Discover how B&B-AGEMA are using CFD to design combustors, optimize monitoring equipment, and gain understanding into hydrogen-powered gas turbines.

Energy generation is changing

The world is transitioning to a clean energy future, based on renewable resources such as wind, solar, and hydro. As it makes this change, we still depend on the flexibility of gas turbines for much of our power needs. Turbine-generated power provides the buffer between “base-load” (mainly from coal or nuclear), and inherently intermittent renewable power. Put simply, gas turbines are what keeps the lights on when the sun isn’t shining and the wind isn’t blowing. 
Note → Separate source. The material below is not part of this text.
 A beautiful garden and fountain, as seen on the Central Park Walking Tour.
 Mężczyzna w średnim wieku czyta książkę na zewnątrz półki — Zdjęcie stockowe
The vast majority of the world’s power-generating gas turbines are fueled by natural gas, which is principally the hydrocarbon methane. The industry has worked hard to minimize the harmful emissions from gas turbines. Modern turbines generate 50 to 60% less CO2 per MWh of electricity than a brand new coal-fired power station. However, if we are to avoid a climate emergency, “lower carbon” will not be good enough: we need to turn to zero-carbon energy sources. 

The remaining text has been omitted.